Problem statement =
Wherever pictures appear in the listing below, leave them out, and copy exactly, and only, everything from the line with "You can create" down to the line with "Then paste the".

Dataset entries =
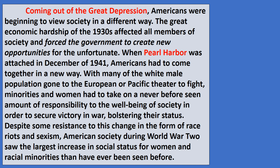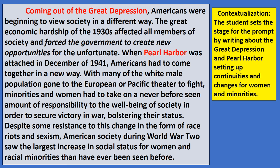Starting off with contextualization — this is necessary for a DBQ, not so much on an LEQ, but it makes sense to teach both essay types this way. Coming out of the Great Depression, coming out of the Civil War, or in the years following the American Revolution are all good ways to start essays. In this particular essay, contextualization mentions Pearl Harbor and the Great Depression, focusing around the underprivileged and the idea of new opportunities.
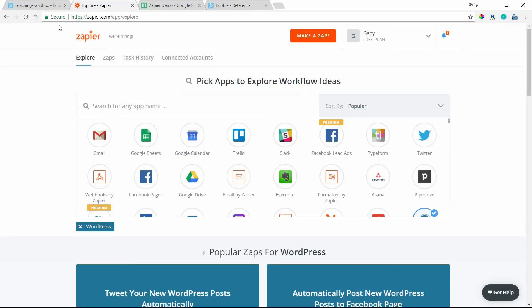Hey everyone, in this video I'm going to show you how to use Zapier with your Bubble app. Zapier is a very powerful automation tool that connects hundreds of services, and your Bubble app can be a part of it. In this walkthrough, I'm going to have a Google Sheet trigger a Zap so that whenever a spreadsheet is updated, your Bubble app will receive the data and can do whatever you want — you can save the data or trigger an action.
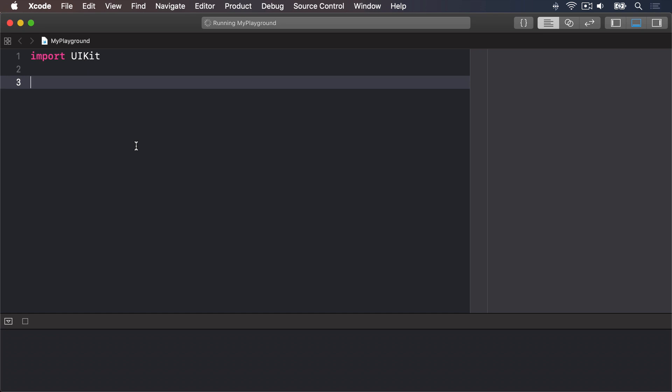Swift calls these shared properties static properties, and you create one just by using the static keyword. Once that's done, you access the property by using the full name of the type. Here's a simple example.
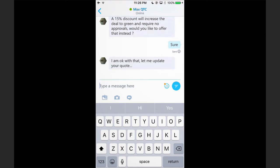Now Max is going ahead and adding that 15% discount to the two line items that I had in my quote, which is the CPQ product and the Premier Support Plus warranty, and updating that information for me.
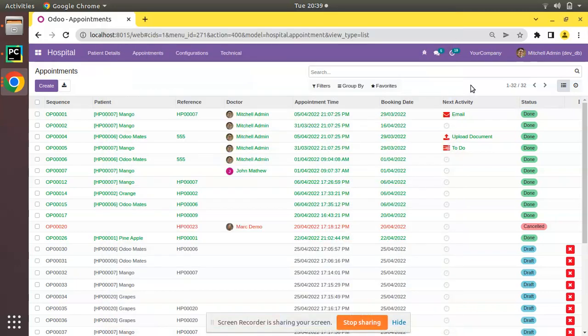Hello, good morning all. Today in this video we are going to discuss the order attribute in Odoo. Currently on the screen you are seeing Odoo version 15 Community Edition where we are continuing our Odoo 15 development tutorial.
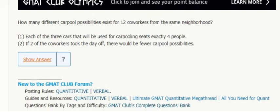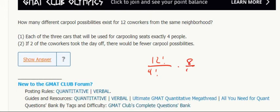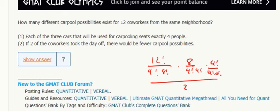We can solve from there: we do 12 choose 4, times 8 choose 4, times 4 choose 4, to distribute the co-workers among the different cars. And then we divide by 3 factorial, because the cars are interchangeable — this is actually a combination.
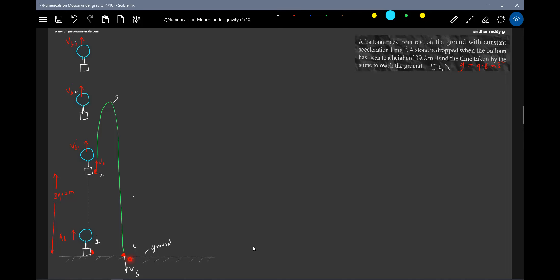The acceleration of the balloon is 1 m/s². Let's calculate vb1 using kinematics: vb1² − 0² = 2 × a_b × h, which gives vb1² = 2 × 1 × 39.2 = 78.4. So vb1 = √78.4.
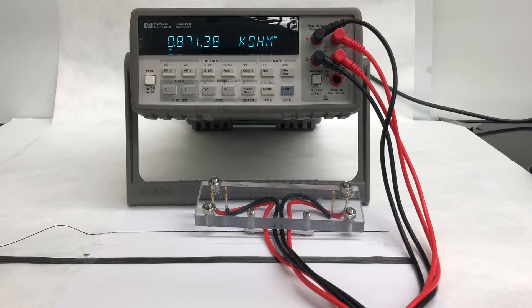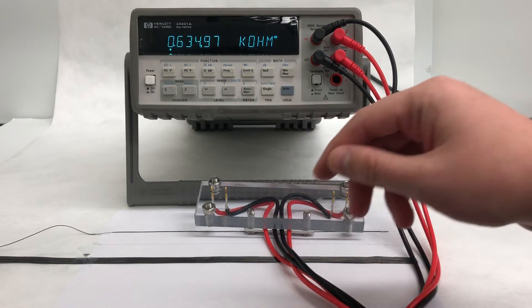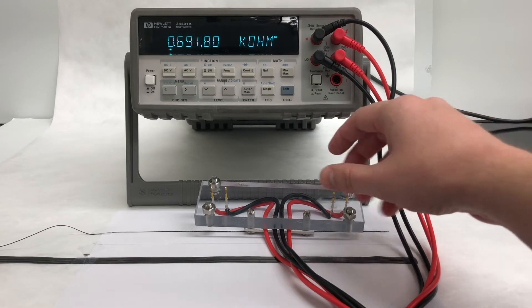The measurement uses a digital multimeter, such as the one I'm using here, and what's known as a four-point probe.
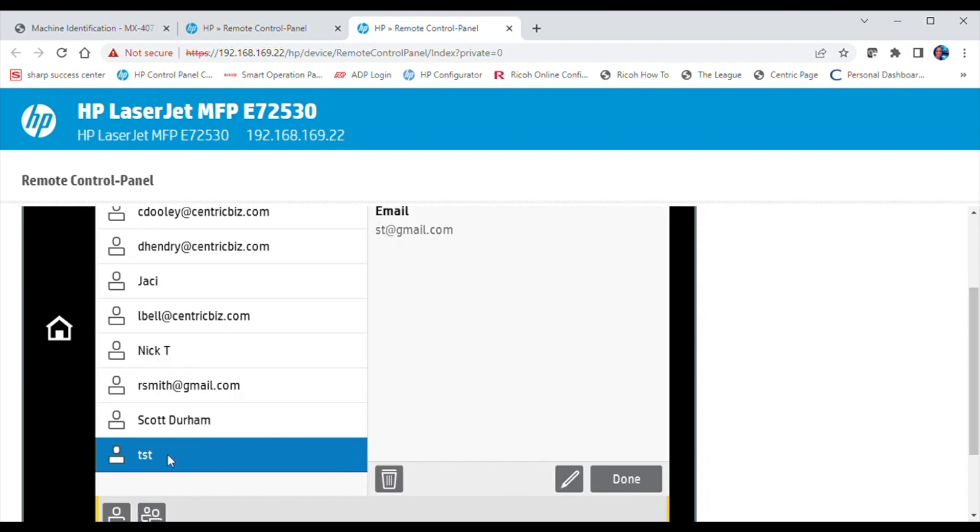If you have a contact that you wish to edit, select the contact. Select the pencil icon.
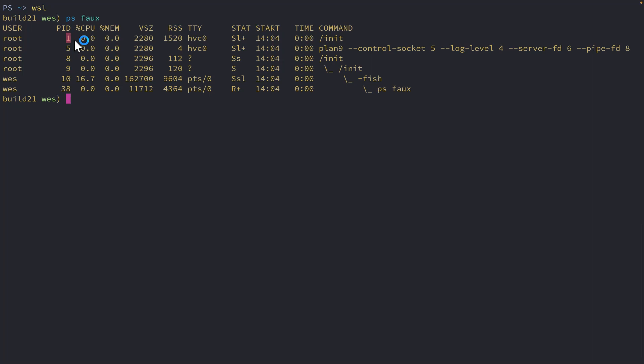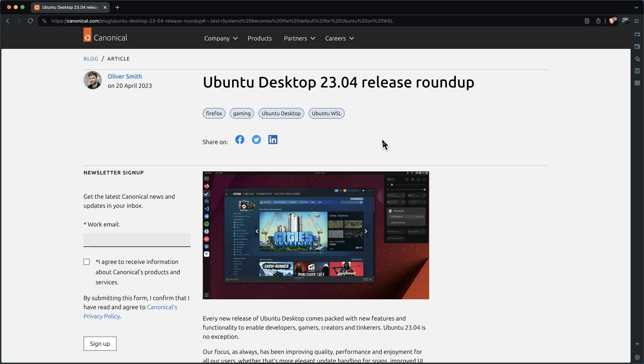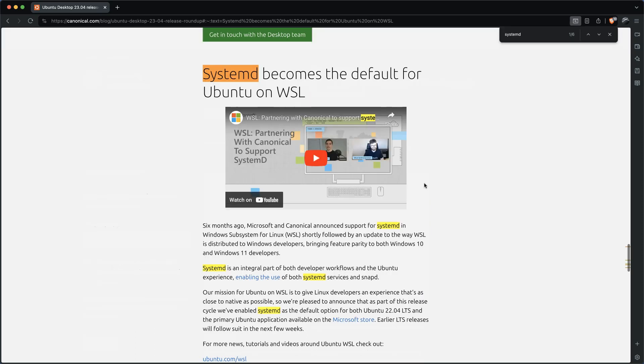Now, if you'd like to change this to be able to use systemd with your WSL distro, or I should say with an existing WSL distro, if you install a new one as of 23.04 for Ubuntu, it will, by default, use systemd.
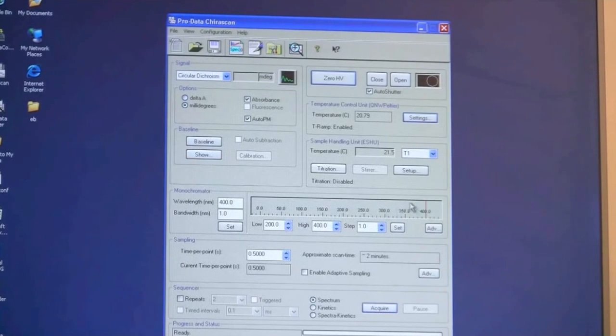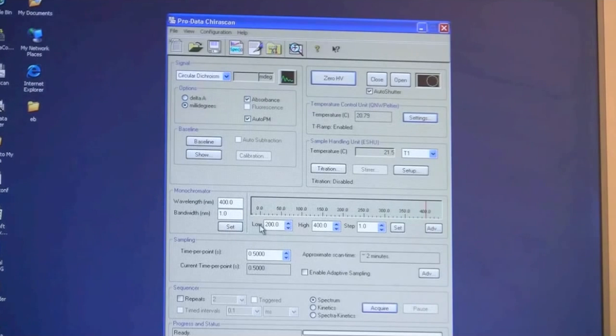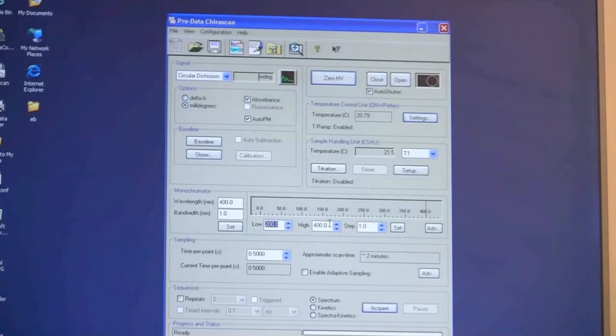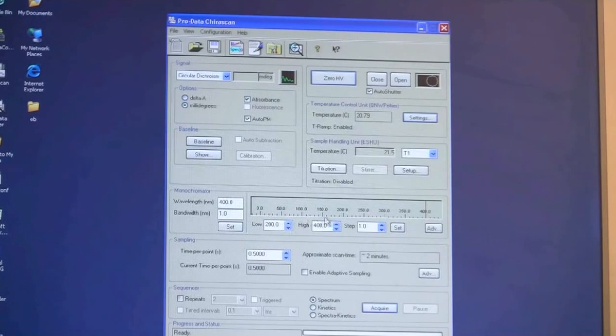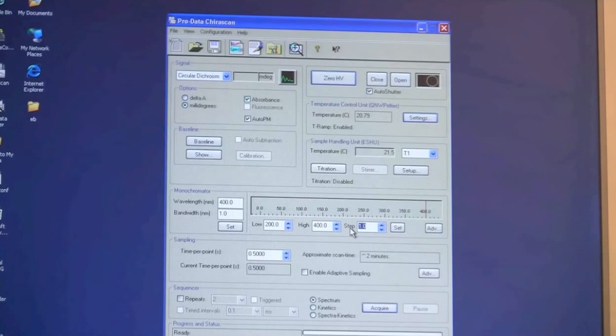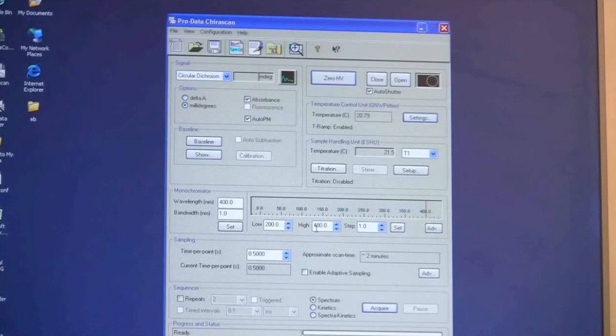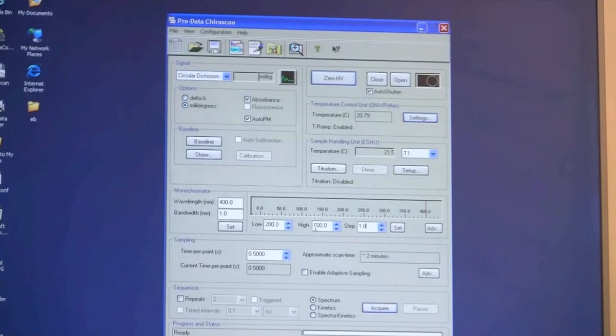Underneath all of that you have the monochromator range. You always set up a range of scanning. The software or the instrument is always scanning from the highest to the lowest. The step is the number that you are going to in terms of wavelength. So at the moment it is set to one. It means that it will go from 400 to 399 to 398 and so on.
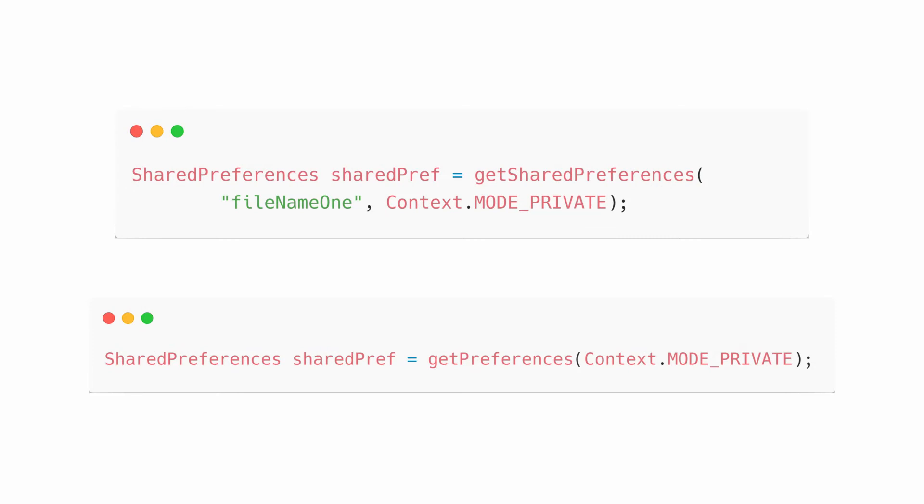You can create a new shared preference file or access an existing one. You can access these files by calling getSharedPreferences or getPreferences.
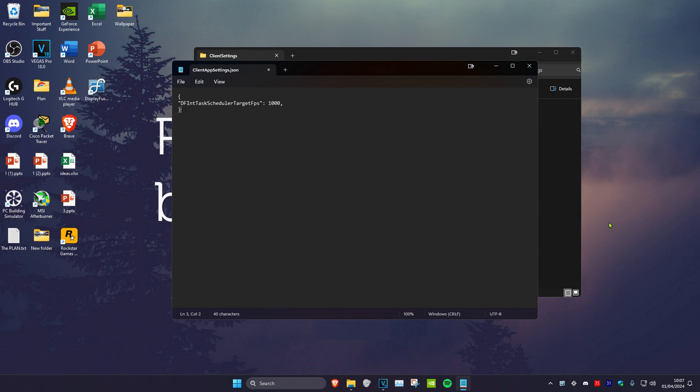Then paste the text which I'll leave down below in the description. Make sure that you include both of these brackets as well. Just include the whole text that will be down below in the description.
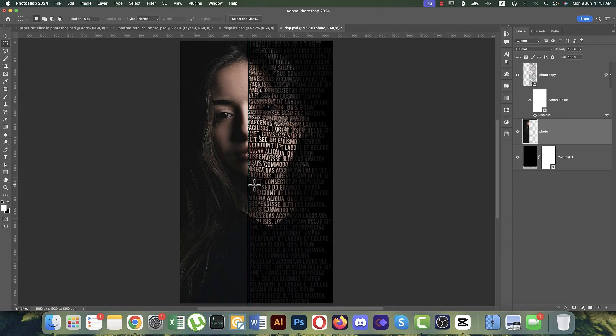Now you're getting the perfect effect. We learned three effects in Photoshop — I hope you liked it. Don't forget to subscribe, hit the bell icon, and share with your friends. Until the next video, stay safe, stay healthy, keep me in your prayers. Bye!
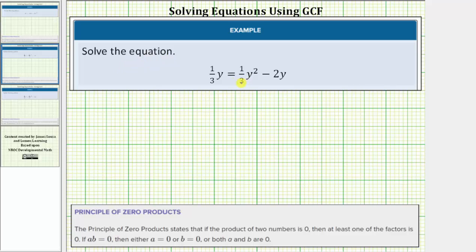We're asked to solve the given equation. Notice how the given equation is a degree two equation, which means this is a quadratic equation. To solve a quadratic equation by factoring, we set one side equal to zero, factor, and then use the zero product property to find the solutions. However, for this equation, we'll be using two methods.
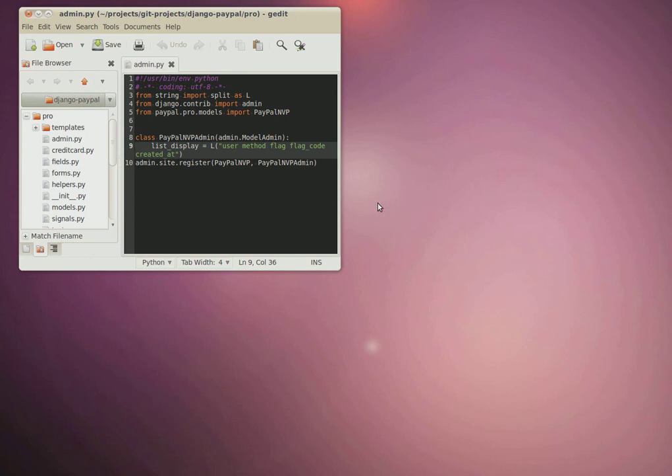Hey guys, this is Vitaliy from Houser.com. I want to show you the new version of Gedit Opened Files, which now supports multiple windows.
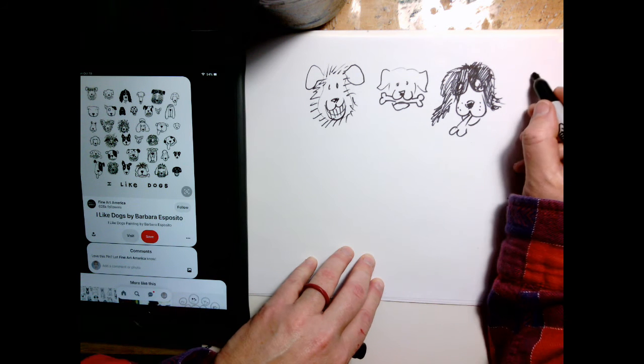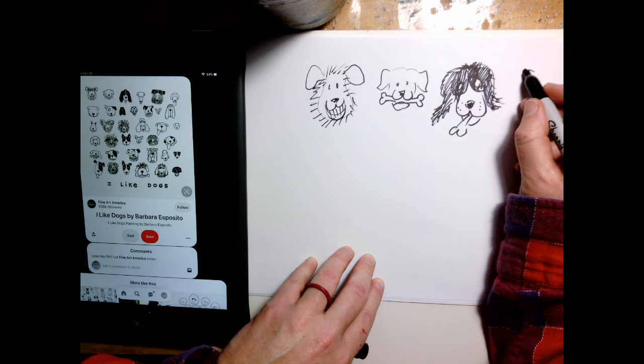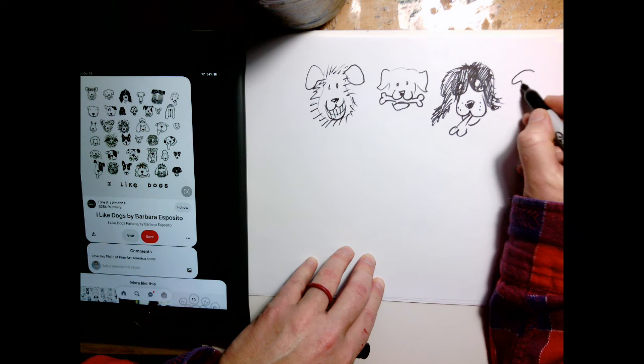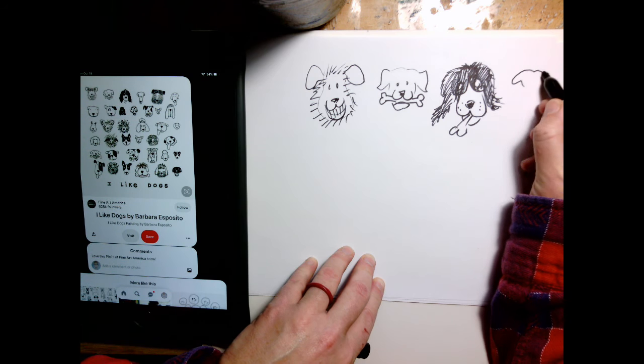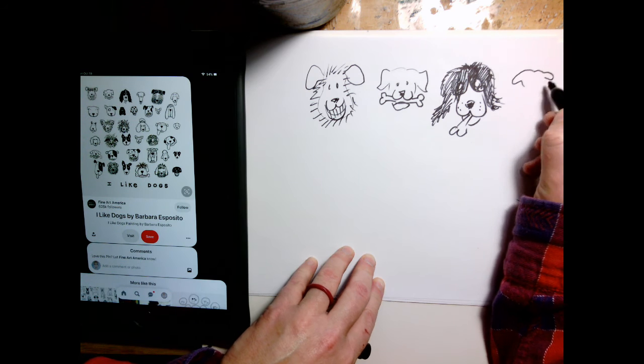Alright, this guy is cute and he's like a little greyhound.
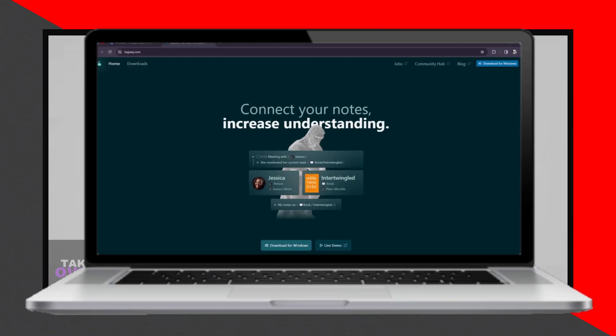Today we have the battle of the note-taking titans: Obsidian vs LogSec. Let's break down the differences between these two powerful apps.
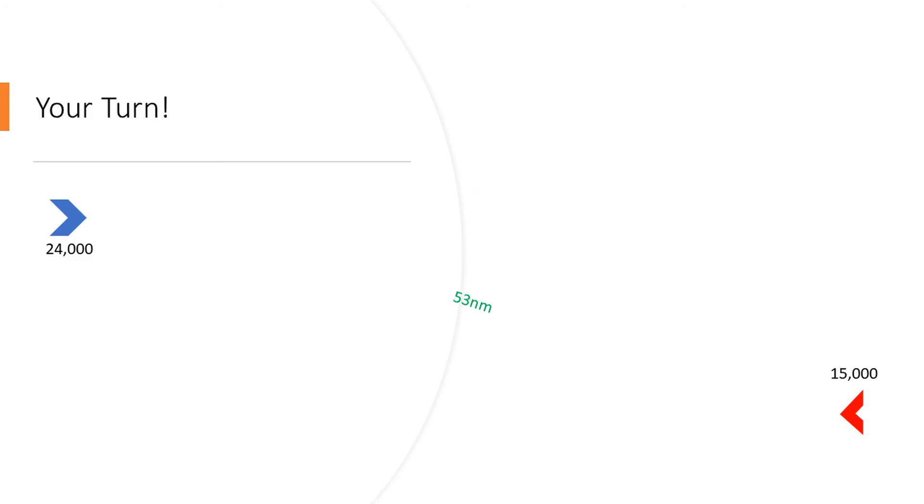So now it's your turn, and I'm gonna give you until the end of the song to figure this out. If you need more time, just pause the video.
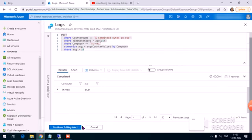I enable the alert, tags are not required, and I click Review and Create, then Create. This takes about 15 to 20 seconds. Checking back, I can see the memory alert has been created.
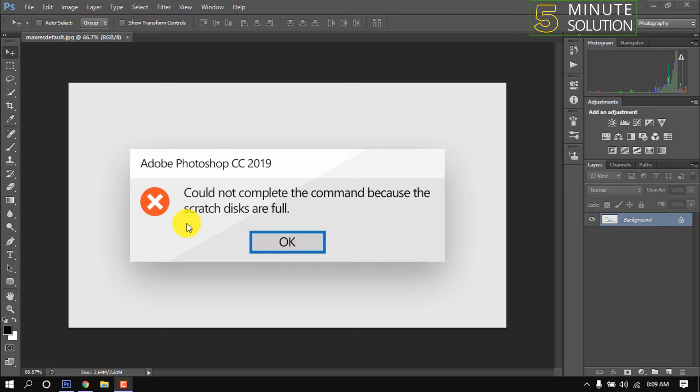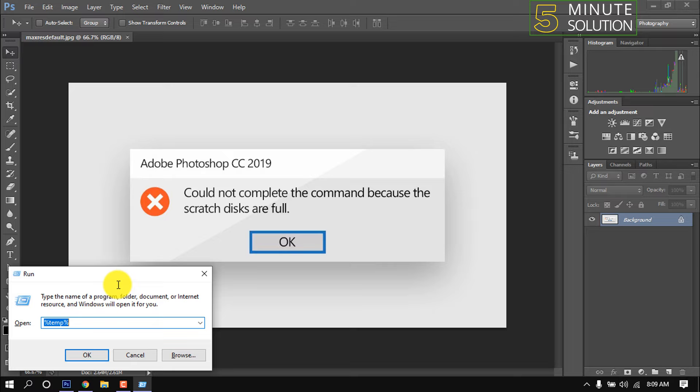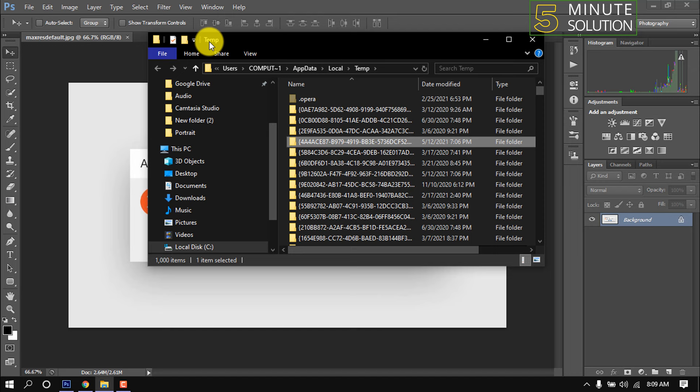Press Windows key and R, type %temp%, and press OK. Then the temp folder will open. Type P, then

Solution to the problem =
You can create a new shared preference file or access an existing one. You can access these files by calling getSharedPreferences or getPreferences.
Then paste the text which I'll leave down below in the description. Make sure that you include both of these brackets as well. Just include the whole text that will be down below in the description.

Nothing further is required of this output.